The context window story is not finished. It is one of the most active areas of AI engineering. Ring attention distributes the computation across multiple graphics cards in a circular topology, promising linear scaling with hardware. State-space models like Mamba process sequences in linear time rather than quadratic, abandoning attention entirely. And the cost of long context has been falling. Anthropic's March twenty twenty-six announcement eliminated the premium for context beyond two hundred thousand tokens, making a nine hundred thousand token request the same price per token as a nine thousand token one.

But the fundamental tension remains. The context window is not memory. It is a computation. Every token costs attention. Every token costs money. And the middle still sags.
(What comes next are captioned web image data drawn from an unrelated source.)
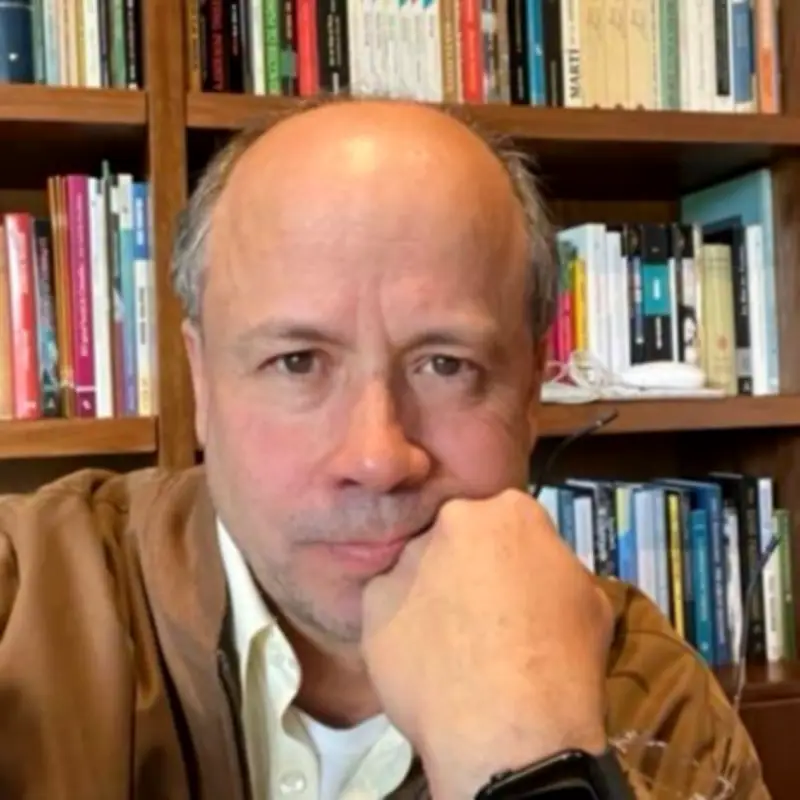 Francisco Piedrahita: El legado educativo de un imprescindible en Colombia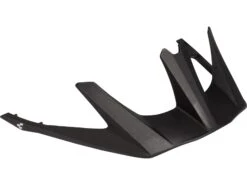 Cube Pro Visier, Black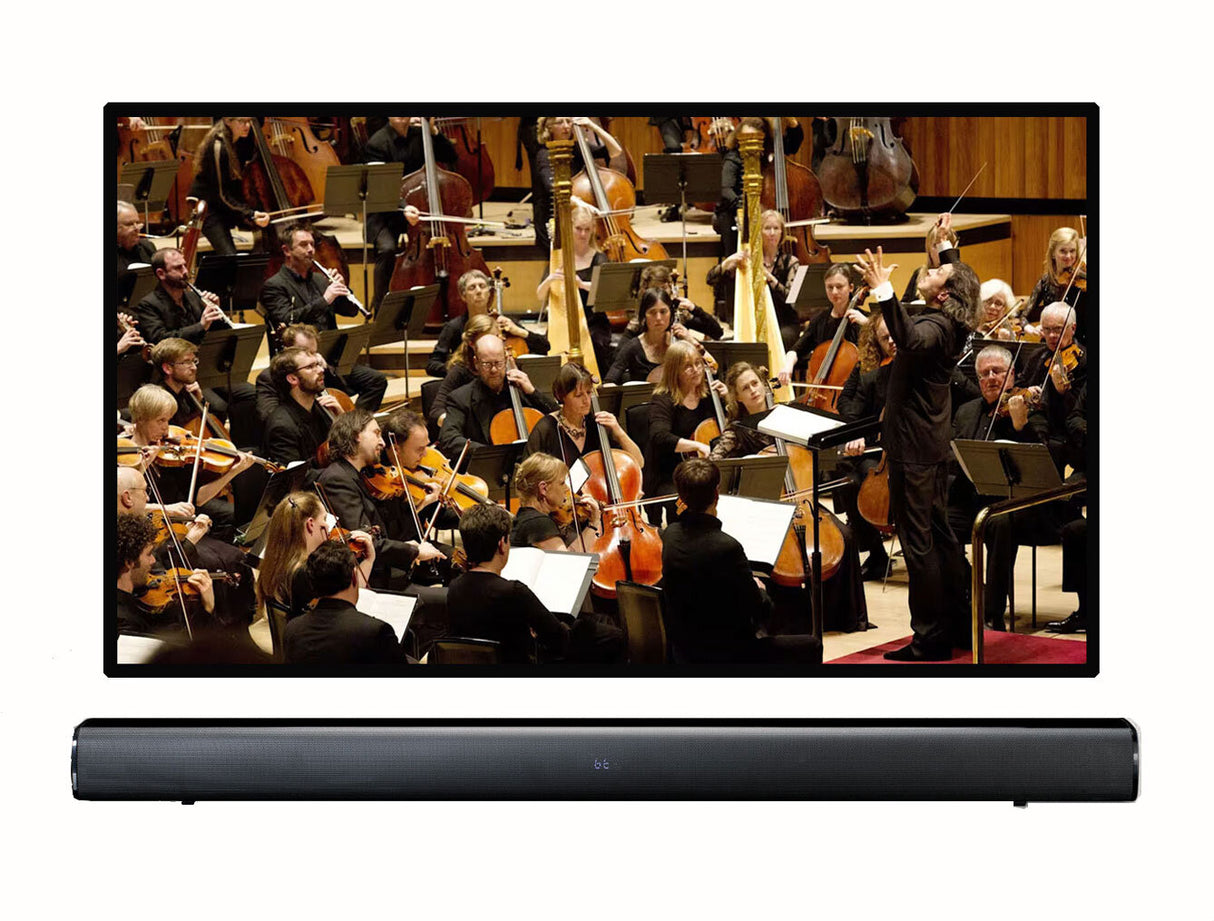 Lenco SB-080 Soundbar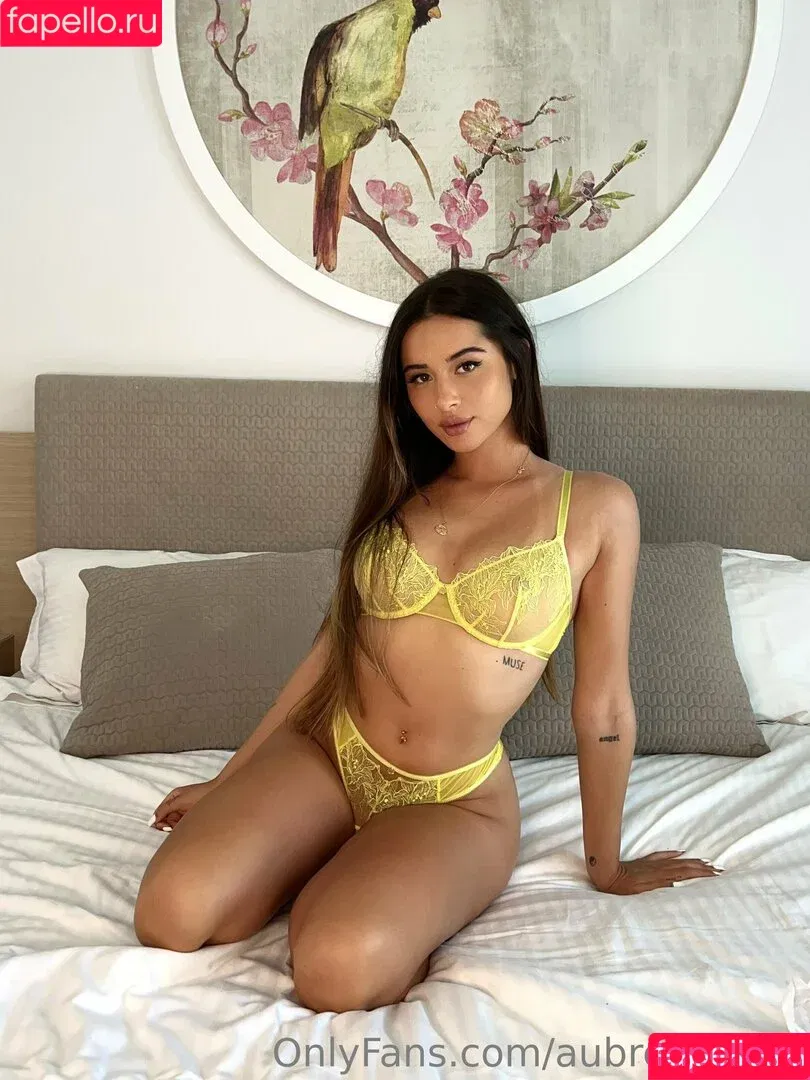 aubreyclarke / aubreyclarkke Onlyfans Photo Gallery 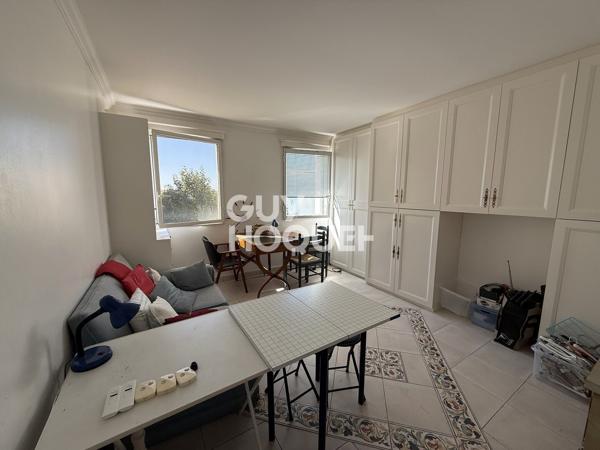 Appartement à vendre de 4 pièces de 79.49 m²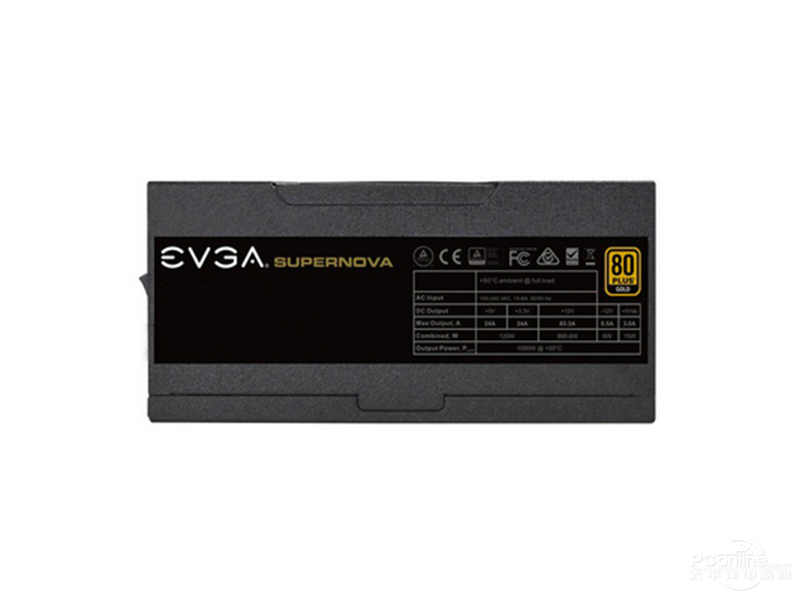 EVGA SuperNOVA G1+ 650Wͼ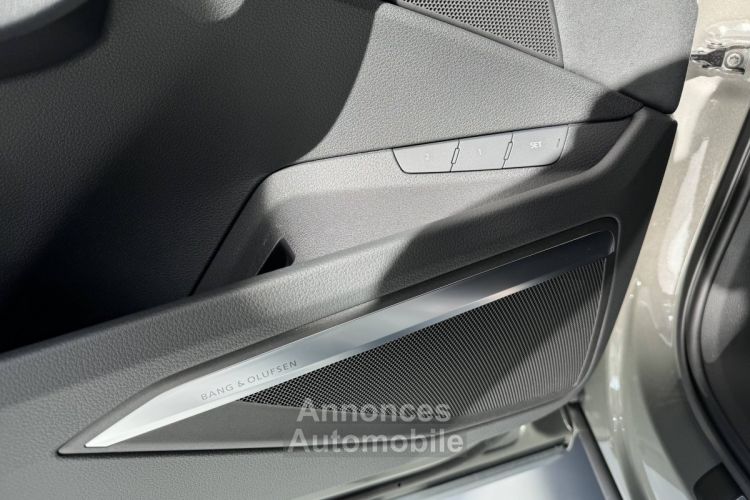 Audi SQ8 E-TRON SPORTBACK e-tron Sportback 503 ch 114 kWh Quattro - <small></small> 109.990 € <small>TTC</small> - #32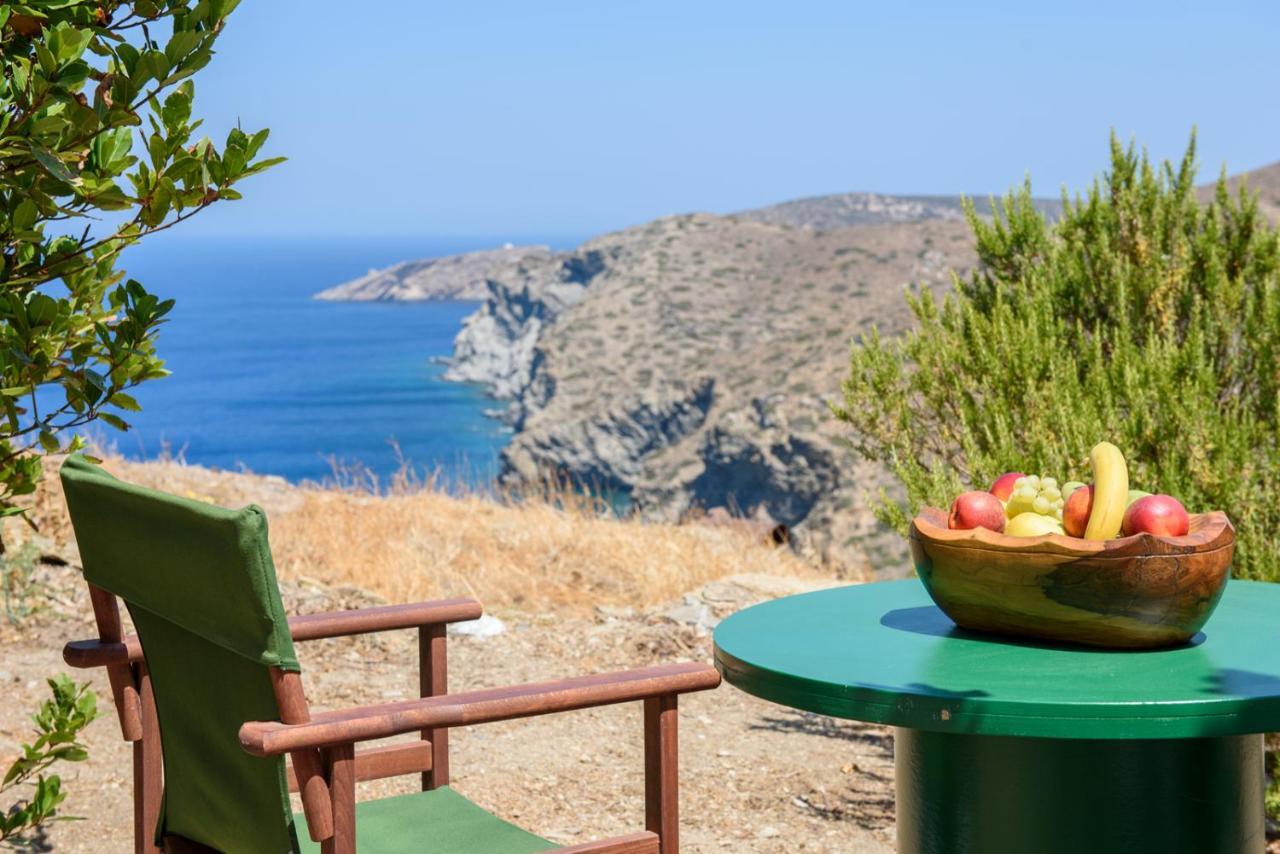 Itonia House Casa vacanze Amorgo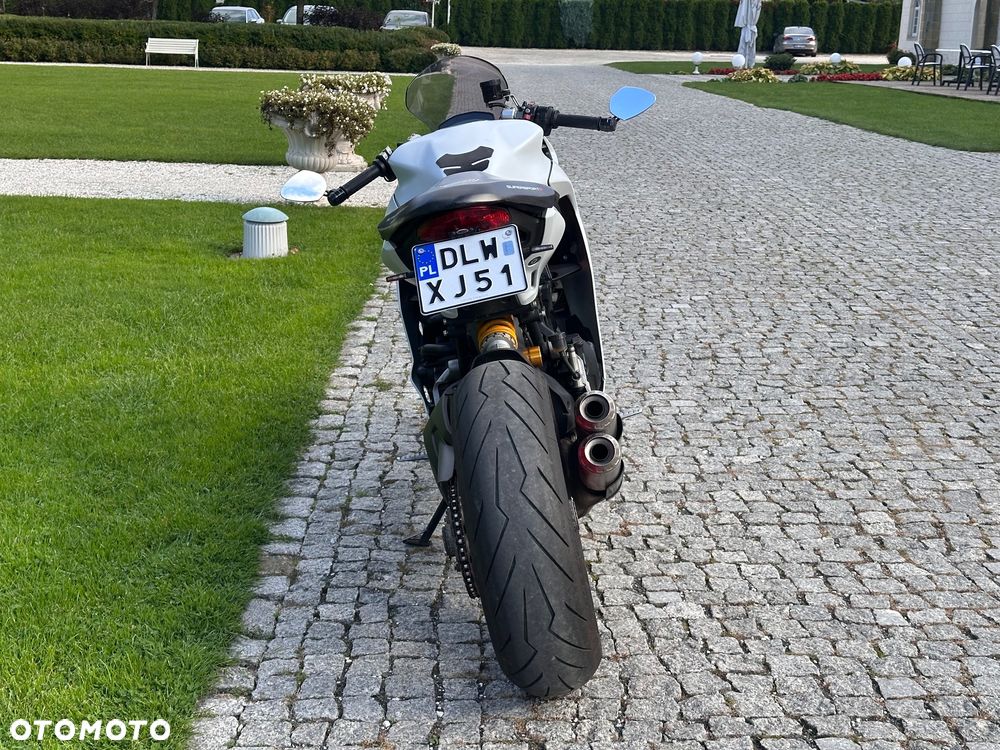 Ducati SuperSport - 7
That was the deep dive for episode ten.

The Jargon Jar

This episode's term: KV cache.

If a friend asked you, you would say: it is the scratchpad the model keeps while generating a response. Every time it produces a new word, it needs to refer back to everything that came before. Instead of recomputing all of that from scratch for every word, it stores the important bits in a cache. That cache is why the second word comes out faster than the first.

The marketing version: "optimized inference with advanced caching technology."

What it actually means in practice: the KV cache is the single largest memory bottleneck in running a language model. For a seventy-billion-parameter model at one hundred twenty-eight thousand tokens, the cache alone can consume forty gigabytes of graphics card memory. That is more than most consumer hardware has in total. This is the reason long conversations cost more than short ones, the reason context windows have practical limits even when the architecture theoretically supports more, and the reason why the question "how much memory does this model need" has a different answer depending on how long your prompt is. The cache is where context becomes physical, where tokens stop being abstract and start being gigabytes.